=== To do ===
Line by line, transcribe the material shown below exactly.

=== Stored data ===
****************
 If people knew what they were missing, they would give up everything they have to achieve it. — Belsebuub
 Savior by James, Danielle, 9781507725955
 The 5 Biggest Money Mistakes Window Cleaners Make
****************
=== Answer to this task ===
 If people knew what they were missing, they would give up everything they have to achieve it. — Belsebuub
 Savior by James, Danielle, 9781507725955
 The 5 Biggest Money Mistakes Window Cleaners Make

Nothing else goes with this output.